Following is why I concluded my breast cancer diagnosis originated with leaky gut:

At 25 years old I was told by my ophthalmologist because I had dry eyes, I would have a difficult time wearing contact lenses. I have read dry eyes is a symptom of slow lymph flow; digestive issues cause slow lymph flow. 

At 27, I had a major breakout of milia all over my face along with boil type eruptions along my collar bones; one I had to have surgically removed.  Milia looks and feels like little cysts (inflammatory skin condition).  Acne is an indication of digestive issues; malabsorption. Malabsorption occurs when something prevents the intestines from absorbing essential nutrients and fluids, including proteins, fats, and vitamins.  Malabsorption is a sign of intestinal damage; leaky gut. (2)

At 29, the dentist told me I had the beginning stages of periodontal disease. Destructive bacteria from gingivitis can be swallowed and carried to the gut, causing an imbalance. It’s a chicken and egg scenario. If there were healthy gut bacteria, it might have warded off periodontal disease. However, the periodontal disease could have contributed to an unhealthy microbiome.

When I was 34, I developed chronic yeast infections.  At first, I treated the symptoms with over the counter creams like Monistat.  As I got wiser, with supplements like Caprylic acid. Candida is a fungus – its job is to aid with digestion and nutrient absorption, but when there is an overproduction, it breaks down the walls of the intestine, penetrating the bloodstream and releasing toxic byproducts into the body; causing leaky gut. (3

At 38 I was on Paxil for depression – I have since learned depression is a symptom of poor gut health.  Because of the side effects of Paxil, I stopped taking it after six months then continued to go through bouts of depression and just dealt with it. 

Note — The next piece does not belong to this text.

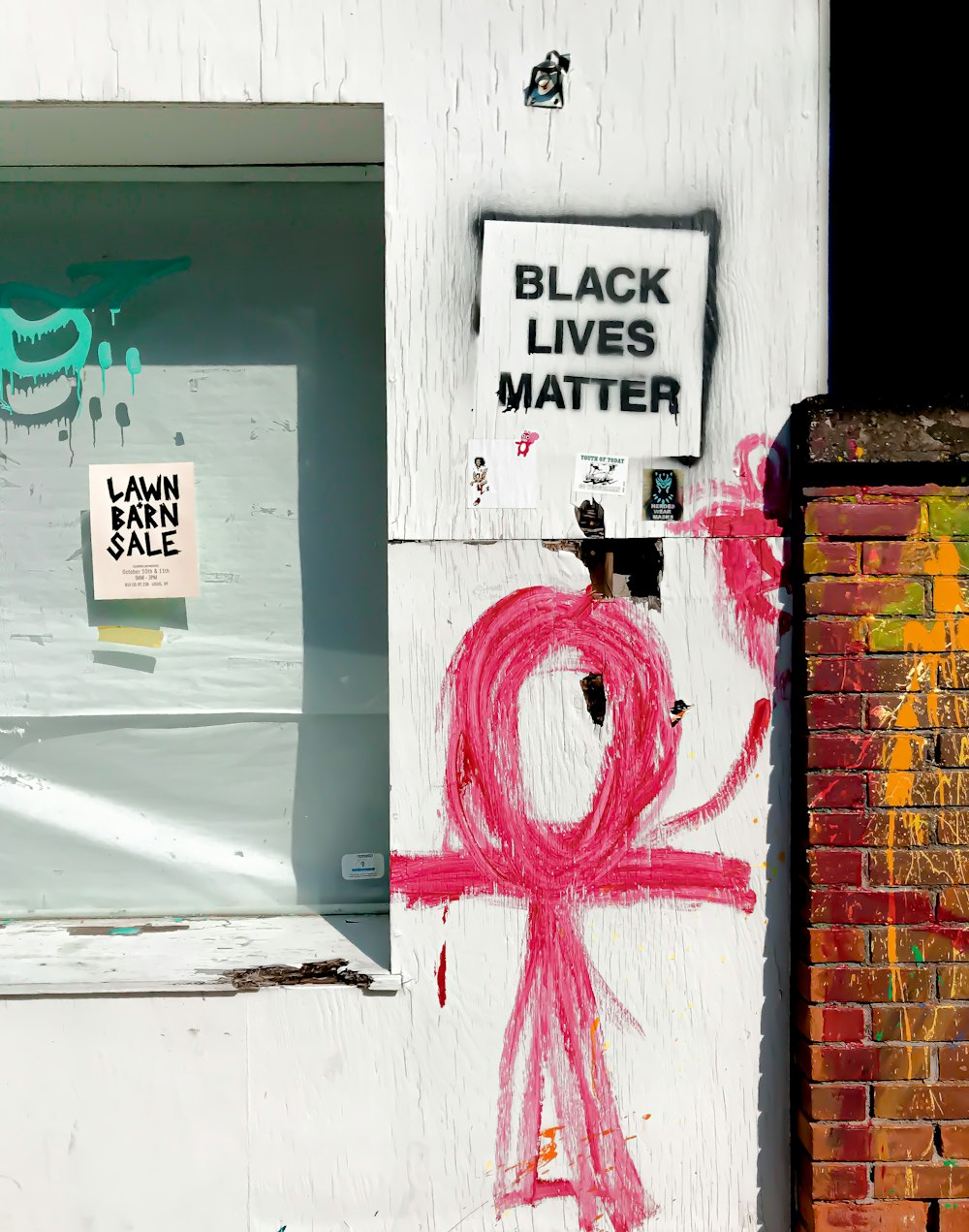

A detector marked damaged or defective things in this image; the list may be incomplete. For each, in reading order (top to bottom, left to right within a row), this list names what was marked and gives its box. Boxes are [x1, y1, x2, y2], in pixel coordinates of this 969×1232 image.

damaged wood edge [211, 961, 374, 990]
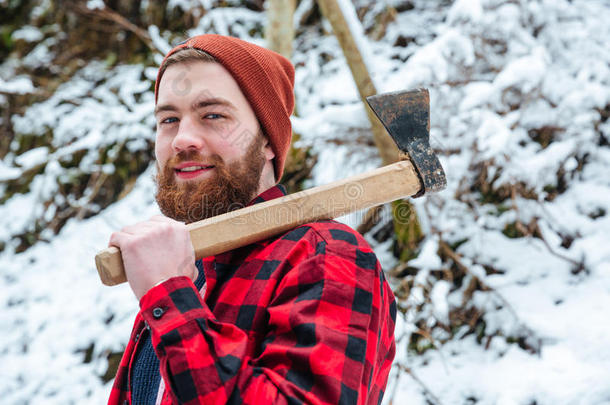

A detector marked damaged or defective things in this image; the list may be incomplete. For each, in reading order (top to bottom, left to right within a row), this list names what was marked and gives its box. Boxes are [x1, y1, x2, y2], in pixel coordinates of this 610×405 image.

rusty metal axe head [364, 87, 444, 196]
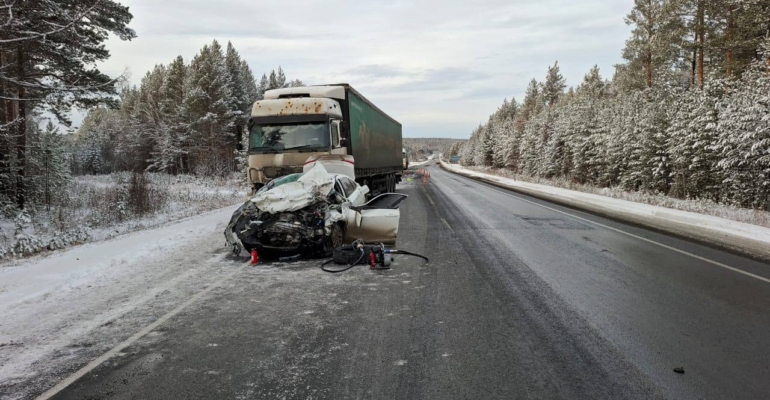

At 49, annual blood test results showed I had hypothyroidism.  I started taking a supplement called Nature Throid.  Through research to treat hypothyroidism, I read about the cause: iodine deficiency, but dismissed it.  I wasn’t sure what to do with the information. 

A few years earlier, concerned about my hypothyroid diagnosis, I met with my friend Catie Norris, a naturopathic doctor and founder of  Simply Young. She said I appeared to be vitamin B deficient. I asked her why – the pores on my face were big, and my tongue was engorged. Vitamin B deficiency is another indication of malabsorption.  To treat my hypothyroidism, she recommended that I supplement with sea vegetables which are high in iodine. 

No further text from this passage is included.